Quick and Flupke mural

Political institutions are not spared either. The current regional election system was designed for a binary Brussels consisting of two stable and mutually exclusive Belgian tribes, one French-speaking and one Dutch-speaking. This Brussels no longer exists.

To prevent repeated suicidal deadlocks, the dual electoral college system – one for French-speakers, one for Dutch-speakers – must be abolished, without eliminating the guaranteed representation of both language groups in the Brussels parliament and government. And if we want to avoid straying further and further from universal suffrage, we must extend regional voting rights to the nearly 40% of non-Belgian adult residents.

What Brusselers can do

Institutional reforms are therefore needed, and pressure must be applied to make them happen.

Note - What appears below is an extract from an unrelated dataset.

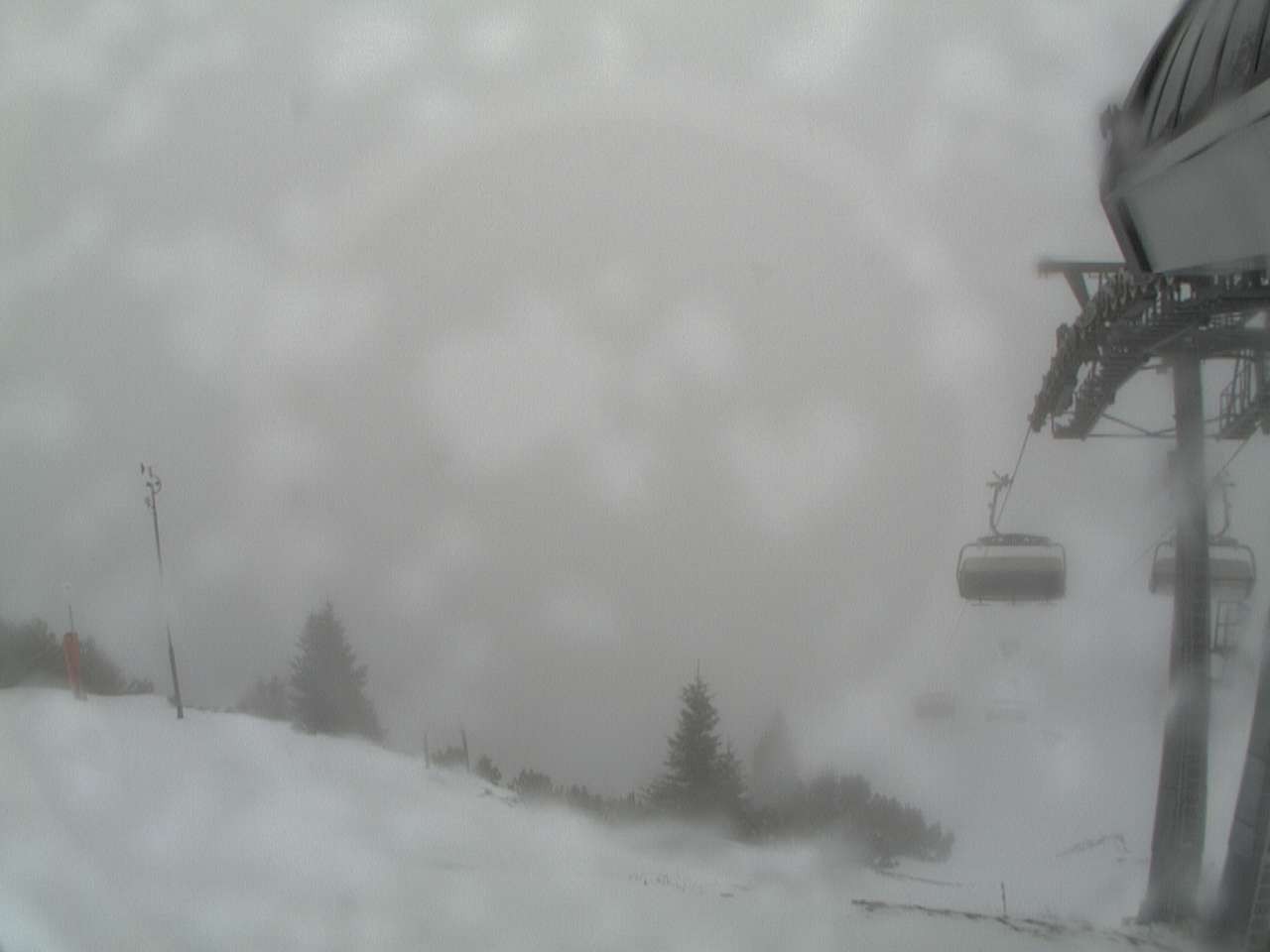 Archived image Webcam mountain station chairlift "Gaistal", "Ehrwalder Alm"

But Brussels residents have better things to do than just whine and protest. They can act, each at their own level, in their own sector, in their own way, to make Brussels function better.

Every day, they can create or strengthen ties with the very different Brussels residents they meet in their schools, workplaces, streets or parks. Whether they organise street parties, neighbourhood cleaning operations or conversation tables, whether they mobilise to improve road safety and air quality, or plant more trees, there is so much that they can accomplish together.

All of this would undoubtedly be easier if all those who share this city also shared the same language, the same culture, the same religion. But overcoming the many obstacles that Brussels has created for its cohesion also brings its share of satisfaction.

The multicoloured mobilisation that supported Molenbeek’s impressive but unsuccessful bid to become European Capital of Culture is a fine example of this. But even the fleeting smiles we elicit when offering our seat on the metro to someone more fragile than ourselves, when tossing an abandoned can into a bin, or when stopping our bike to let a bus or pedestrian pass are small contributions to the pleasure of living in this city, and encouragements to never give up.